大学入試の現国の問題で扱われた哲学の文章を丁寧に読み解き設問を改めて考えてみる本。

出題者、解説者、この本の著者自身、そして取り扱っている文章の執筆者の誤読に焦点を当てながら、時間論や実在論反実在論という視点を紹介している。

2〜4章での時間論と実在論の説明や各文章の対照が極めて分かりやすく、知らなかった考え方を明確に獲得したような読後感だった。特に永井均「解釈学・系譜学・考古学」の解説は圧巻。

アンアンのセックスできれいになれた?

アンアンのセックスできれいになれた?

アンアンのセックスできれいになれた?

1970年生まれで女性のためのアダルトショップを経営する著者が、同じく1970年創刊のアンアンを読み返し、自分の半生を重ねながらその変遷を振り返っていく。

自由を希求し、自らの欲望を等身大に語る女性像を提唱してきたアンアンが、90年代後半にセックスに「愛」を求め始め、自己啓発やカレとの関係を深めるためのお仕事、「アンアンのセックス特集(笑)」に至ってしまうまで。

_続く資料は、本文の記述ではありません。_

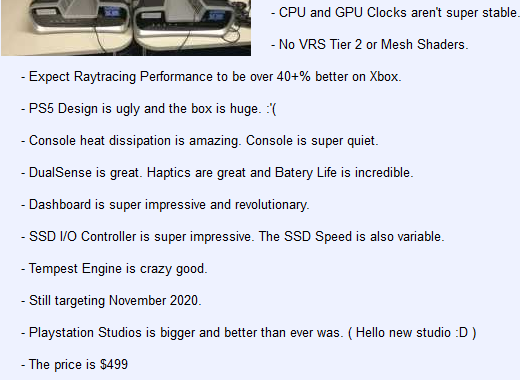 PS5_rumors-1.png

その変遷の理由を解き明かすことができなくても、語り合い違和感を表明することが肯定され、そのための言葉を獲得すること。3.11以降という文脈で読まれるべき本があるとするなら、『アンアンのセックスできれいになれた?』なのではないかと思った。

暇と退屈の倫理学

暇と退屈の倫理学

暇と退屈の倫理学

おれはこういう本を読みたいから本を読んでいるのだ!

退屈とは何か?

パスカルは「人間の不幸はどれも部屋にじっとしていられないがために起こる。部屋にじっとしていられないから熱中できる気晴らしをもとめる。そして、欲望の向かう対象が本当に欲しいのだと勘違いする。欲望を引き起こした原因(部屋にじっとしていられないこと)はそれとは別だというのに。」と言い、ラッセルは「事件(今日を昨日から区別してくれるものであれば不幸であっても構わない)が起こることを望む気持ちがくじかれたもの」と言ったらしい。

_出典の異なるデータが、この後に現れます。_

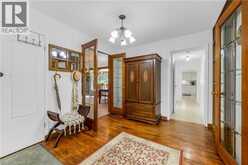 569 CRANE Court | Burlington Ontario | Slide Image Nine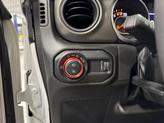 Thumbnail of 2023 Bright White Clearcoat Jeep Gladiator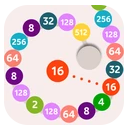 祖玛48手游app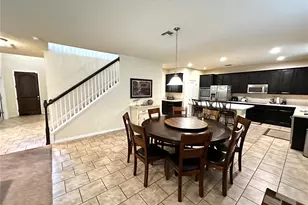 8636 Chilton Dr, Orlando, FL 32836 - Photo 17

学生時代からご多分に漏れず「なんかおもろいことないかなー」と何をしてもいいのに何もすることを見つけらず、でも行動を起こせない自分にとって、「退屈」をはるかにくっきりした解像度で考える視点と、退屈の素晴らしさを教えてくれた。

大学院を出る時に自分の学生生活を振り返って一生懸命文章にしようとしていた問いが何だったのか、その問いにどう向きあっていくことができるかが書かれていて、『脳はなぜ「心」を作ったのか』を読んだとき以来の衝撃だった。

「退屈」を題材に様々な哲学者を紹介してくれる本でもあり、人間が定住を始めたときにゴミやトイレの問題と同じように退屈を回避するという問題が生じたというように定住革命に繋げたり、人間は環世界を相当な自由度をもって移動できるから一つの環世界にひたっていることができず退屈するという話、ハイデガーの退屈論の回収の仕方などわくわくさせられっぱなしだった。

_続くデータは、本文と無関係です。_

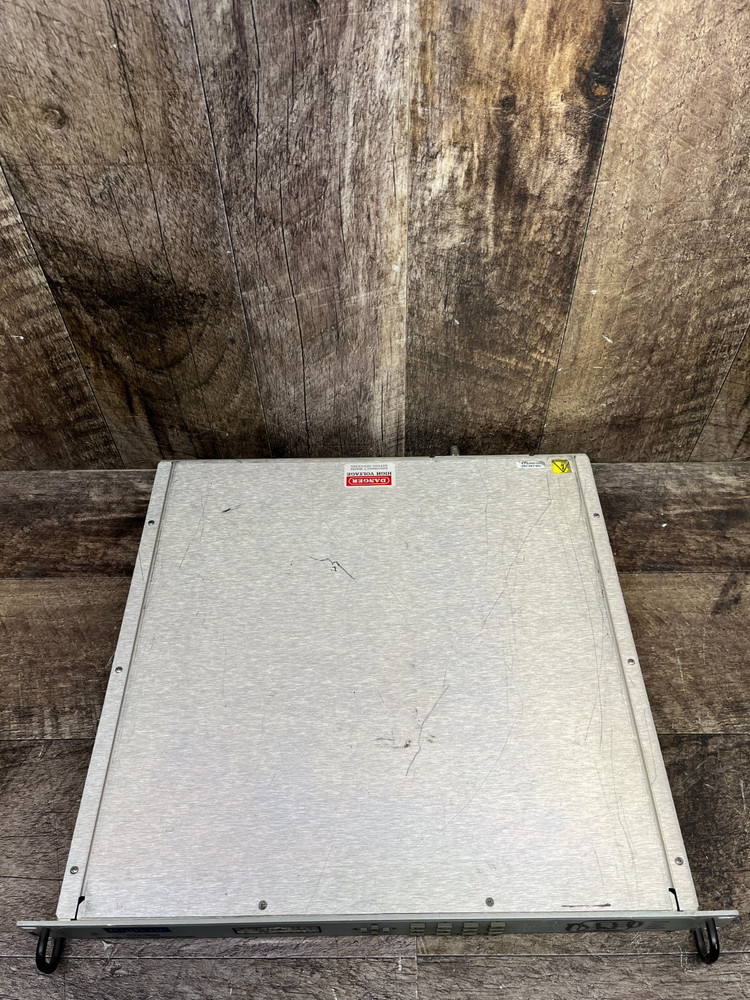 Radyne ComStream DVB-3030 Digital Video Modulator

佐々木敦さんの『未知との遭遇』ととても相性がいい本だと思う。

「批評」とは何か?

(ブレインズ叢書1) 「批評」とは何か? 批評家養成ギブス

(ブレインズ叢書1) 「批評」とは何か? 批評家養成ギブス

佐々木敦さんが行った批評家養成ギブスという全十回の講義をまるごと書籍化した本。

佐々木さんが説得的であるということをとても重視していること、『未知との遭遇』につながる問題意識が納得できた。

「書く側が「結局、読み手がどう思うかは読み手次第だから、でも俺はこう思ってるんで同意してくれなくても別にいいよ」っていうのは、これはもう最悪の独善的なあり方」として、他人に価値判断のプログラムをインプリンティングしてしまいかねない、って書いている。

たとえばわれわれがある表現と出会ったとき時に「こういうことを言おうとしてるんだな、こういう意味だったんだな」という還元を行った後に出てくるものは、ものすごくシンプルなことなのね。それはすごく単純なことなんだけど、そんな単純なことがいつのまにか色々と面倒臭いことになってゆくのが人生だったり世界だったりするのだから、それを語るために、ものすごく複雑で手の込んだ方法論が必要なってくるのだと思うのです。

ならば何故そんなにややこしい手の込んだ方法論で、それを語らなきゃいけなかったのかということの方を考えなきゃいけないと思うんです。

メタプログラミングRuby

メタプログラミングRuby

メタプログラミングRuby

今年勉強会に行くようになったきっかけになった、はじめて参加した読書会で読んだ本。

メタプログラミングのテクニックに特化しているというよりは、ベースになるRubyの理屈や思考法が中心に書かれていて、語り口もとても読みやすかった。Ruby楽しい!プログラミング楽しい!!ってなる、入門書の次に読むには最適な1冊だと思う。

フィッシュマンズ 彼と魚のブルーズ

フィッシュマンズ---彼と魚のブルーズ

フィッシュマンズ---彼と魚のブルーズ

故・佐藤伸治のいちばん間近で取材をし続けた川崎大助さんによるフィッシュマンズ評伝。

自分もフィッシュマンズを追いかけながら90年代を世田谷の喧騒の中で過ごしたような。いい映画を見た後のように、自分だけ置いていかれたように感じた。そしてやっぱりずっと音楽を聴いていたいと思った。